工事は必ず火を使うような作業が出ますが,消防法により火気が一切使えない。
世界遺産なので,ヴェニス憲章で形状とか材料,工法を変更しては駄目だという規定があります。やむを得ない変更は,文科省の許可を取ってやっています。
工事用の素屋根,仮設構台を建設し,屋根の葺き替え,漆喰塗りを中心とした修理を行いました。構造的な検証をしながら,補強も行いました。
瓦は,大天守だけで約8万枚あります。契約上は9,000枚の取り替えだったのですが,実際は1万6,000枚,約2割を取り替えています。
大天守だけで50種類の瓦が使われています。基本的な瓦は「平瓦」と「丸瓦」です。皆さんご存知の民家の瓦は,これがくっついて一体になっています。軒先の先端の瓦は「滴水瓦」といい,水が垂れてきたときに先端で切れる形になっています。
鬼瓦は,実は姫路城には「鬼」の入った瓦は一切ありません。てっぺんの鯱の下にある瓦は「火除けのまじない」で,波のところで泳いでいるイメージです。古い現物と原寸図とを見ながらつくっています。
鯱もやはり現物と原寸図を見ながらつくっています。今回はジョイントを少し下へ,下げています。上に尾が載っかってきますので,割れやすいため下げています。築城時の記録は残っていなくて,昭和の大改修のときにかなり調べてこの型でつくったということで,今回も同じものをつくっています。
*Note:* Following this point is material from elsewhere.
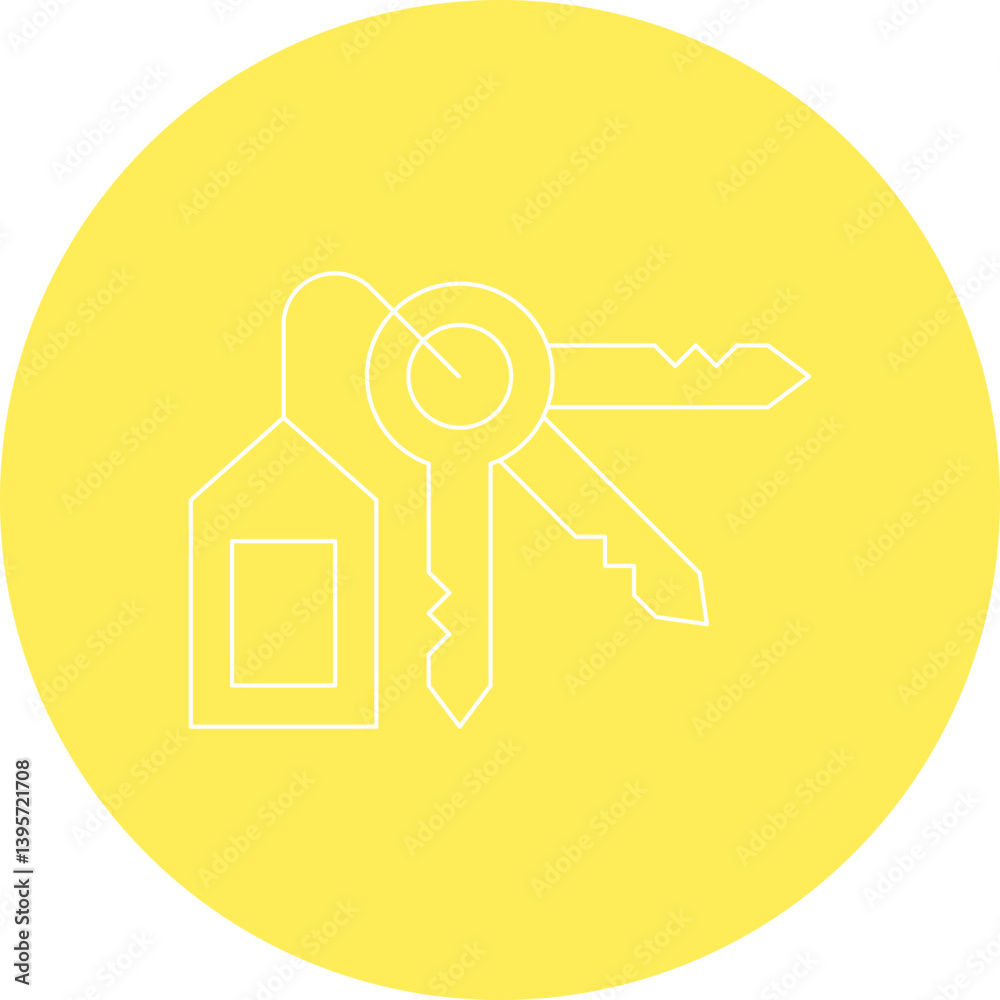 Keys single vector illustration icon Keys single vector illustration icon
スタートしたとき,瓦がかなりずれていて,昭和の大修理をやったときの最後の棟梁に聞くと「釘が届いていない」。ということで,今回は桟を組んで,瓦を全部釘で留めました。これによって屋根の重量が60トンほど減っています。
次に漆喰ですが,主な材料は消石灰,貝灰,スサ,角又(つのまた)です。消石灰と貝灰は同じ成分で,基本的に貝殻をつぶして,ひび割れ防止という意味合いもあり,混ぜている。今これをつくっている会社は日本で2 社ぐらいです。
スサというのはひび割れ防止のために入れるものです。今ではガラス繊維のクロスメッシュなどを入れますが,あくまで昔のやり方で,コーヒー豆を輸入したときの袋を粉砕して再利用しています。角又は海藻ですが,北海道の銀杏草という海藻を炊いて糊にします。北海道の方が,「味噌汁に入れて食べたことがある」と言っていました。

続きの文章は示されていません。